# GS in Costa Rica protecting me?



## Lobobear44 (Jan 28, 2013)

I was in a village in Costa Rica and was allowed to pet a mix dog that was said to be vicious well both dogs. I was able to walk the mix dog and was pretty aggressive to other dogs. However, the German shepherd was not able to pet say hi or anything. You see both dogs are used as tools only to protect property. Anyways as I was sitting down petting the mix dog the GS was quiet relaxed sitting down. Then got up and starting barking even lunged. I swear the dog was saying "Watch out you idiot look behind you or your going to die!" I was like what are you barking at and even tried to break free. Then got quiet. I turned around and a jeep nearly hit me like 5 inches from hitting me in the back. I was so lucky. I thought to myself I think this Geman shepherd that has a bad name by everybody in the village tried to save my life.


----------



## Castlemaid (Jun 29, 2006)

Well that's a neat story, but best thing would be to not sit down in areas where there is vehicle traffic, but to get out of the way. 
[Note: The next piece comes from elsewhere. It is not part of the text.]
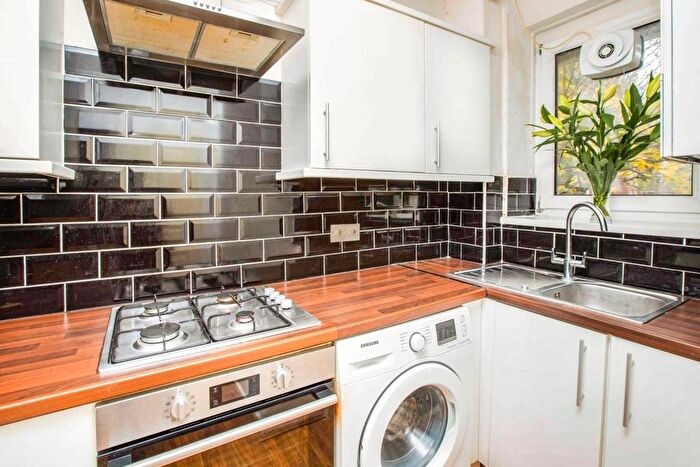 4 Bedroom Apartment To Rent In Werrington Street, London, NW1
You did not hear the car coming up behind you? This story sounds more like one of your dreams than something that really happened. Maybe the GSD was protecting himself? Since you were holding the leash, he would have been hit too.


----------



## Lobobear44 (Jan 28, 2013)

@
*Castlemaid*

* Dream? did not cross my mind. This **was not a dream this really happened. The day I was leaving the village in Costa Rica. I was actually real** Petting the dog through the fence than the GS lying down on the ground chained up. Then the GS got up instantly and barked. No i did not hear the jeep I looked behind me after the dog stopped barking and I saw the jeep. Literalluy 5 INCHES about to HIT me. *


----------



## Courtney (Feb 12, 2010)

It is a neat story, hard to tell what the GSD was really reacting too.

Do be careful my friend on your travels


----------



## Sunflowers (Feb 17, 2012)

Lobobear44 said:


> @
> *Castlemaid*
> 
> * Dream? did not cross my mind. This **was not a dream this really happened. The day I was leaving the village in Costa Rica. I was actually real** Petting the dog through the fence than the GS lying down on the ground and chained up *


----------



## selzer (May 7, 2005)

An I thought my hearing was going. By five inches away, I am feeling the jeep in the ground and wind and smelling the jeep. 
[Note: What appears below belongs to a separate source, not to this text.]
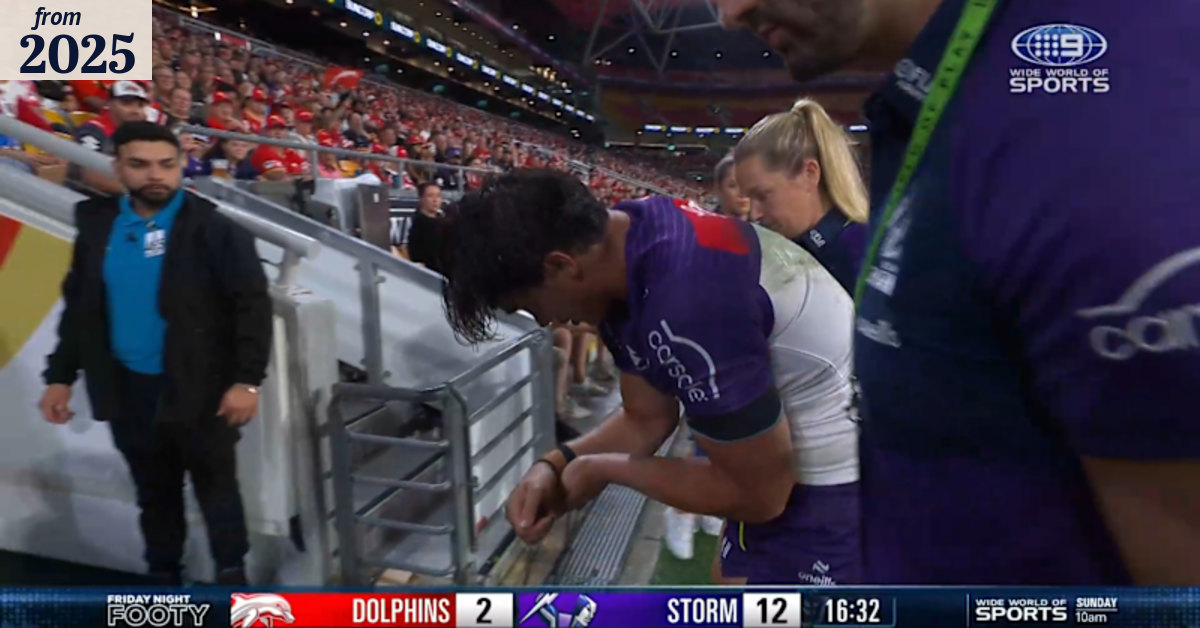 Howarth leaves field in agony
Sorry, but I think this one has to be just a little bit of exaggeration or wishful thinking.


----------



## NancyJ (Jun 15, 2003)

I think this post is a year old and we should just let it go.


----------



## selzer (May 7, 2005)

jocoyn said:


> I think this post is a year old and we should just let it go.


Wow, I looked at the 5/2 and never saw that it was 2013. Ok.


----------